For close to 150 years, the Gold Coast – present day Ghana – served as the hub for the transatlantic slave trade in West Africa, especially for the British.
It is estimated that 10 million people were captured from their hideouts and homes into slavery during the transatlantic slave trade, at rates of up to 100,000 persons per year, to work on plantations in the Americas and Europe, reports the Tracing Centre.
In the face of the arms and ammunition and threats posed by the slave hunters and the merchants, the locals resorted to different tactics to escape the ill-treatment and dehumanizing trade. The Mimosa plant was a major player in the escape plot.

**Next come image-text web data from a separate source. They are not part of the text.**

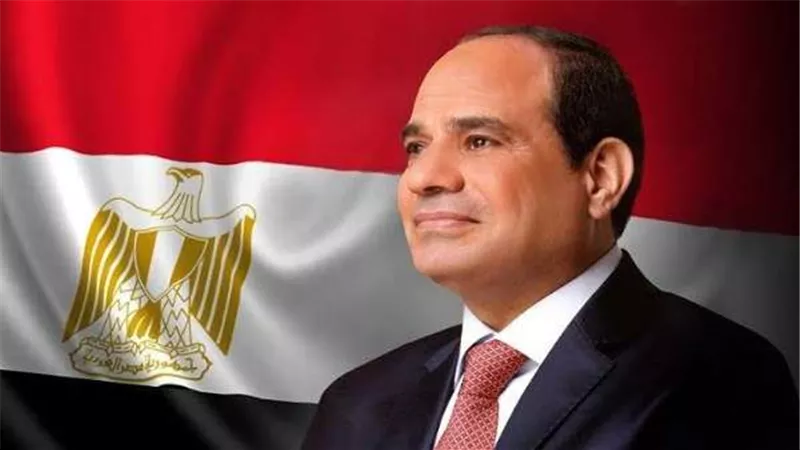 الرئيس السيسي يصل إلى الدوحة في مستهل جولته الخليجية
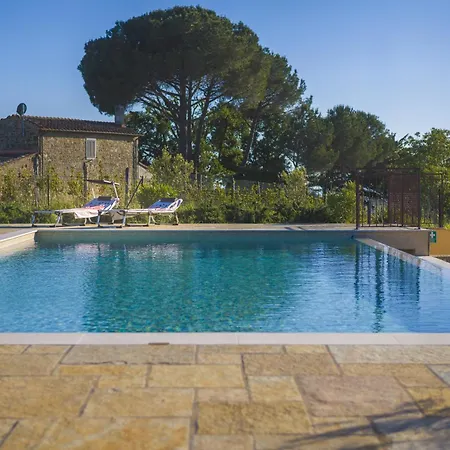 Villa La Cava *
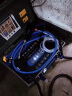 蓝导家电清洗设备油烟机空调多功能一体机高压高温蒸汽消毒清洁机 单机套餐 实拍图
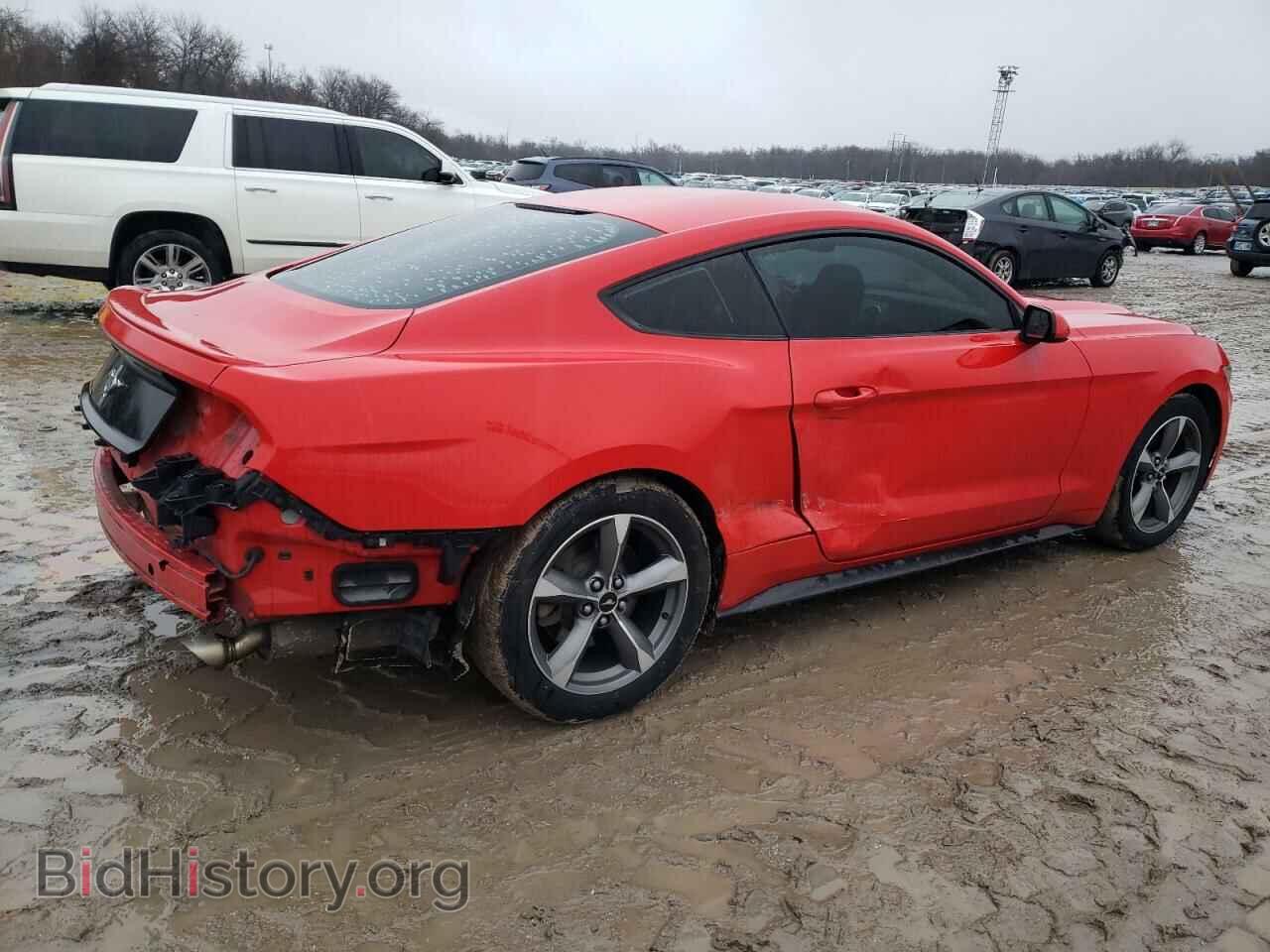2015 FORD ALL Models - VIN: 1FA6P8AM2F5433178 - Photo 3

The Mimosa plant served as an indigenous alarm system because of its unique features. The Mimosa pudica – its botanical name – is a creeping flowering plant, which folds its leaves inward and droops when it comes into contact with humans or other objects. Within seconds it dies and re-opens after some minutes.
Due to its sensitive nature, the Mimosa plant gave out ‘signals’ to fugitives or cave dwellers anytime slave hunters and their merchants were approaching. Others also believe slaves used the leaves as tracking or navigation to freedom.
“The leaves of the Mimosa plants drooped anytime they come into contact with slave hunters who were busily scouring through the thick forests to capture the natives who have fled their homes to hide in caves and the bushes,” Roland Annor Quarcoo, a site supervisor at the Assin Manso Slave River Site in Ghana, told Face2Face Africa.
He continued: “Our ancestors made sure they had their caves around places where the Mimosa plants were located. The miracle plants served as alarm systems. Before coming out of the caves, our ancestors check from afar [from their caves] the status of the leaves.
“Anytime they realize that the leaves had folded or were fast asleep, it was a clear signal that an intruder had just passed or was around hence they need to stay indoors until the danger is cleared.”
“The Mimosa plant saved a lot of our people from being captured. You can’t tell the story of human slavery, especially in Ghana and other parts of West Africa without the Mimosa plant story. However, that aspect of history is hardly told,” Quarcoo added.
Conversely, other school of thought also believes the slave merchants rather used the miracle plant to pursue people running from captivity.
“While in Jamaica, a tour guide shared that slaves used the leaves as tracking or navigation to freedom, whereas another tour guide indicated that slave hunters used the leaves to track or follow slaves. I further did research and the narrative on slave hunters using the plant to follow slaves seemed more accurate,” a visitor at a Jamaican slave center once wrote.
Nevertheless, biologists have established that the mimosa plant, which is very common in modern day South and Central America – can learn and remember just as well as it would be expected of animals.
Their conclusion gives credence to the fact that the plant due to its sensitive features might have played a significant watchdog role during the slave trade.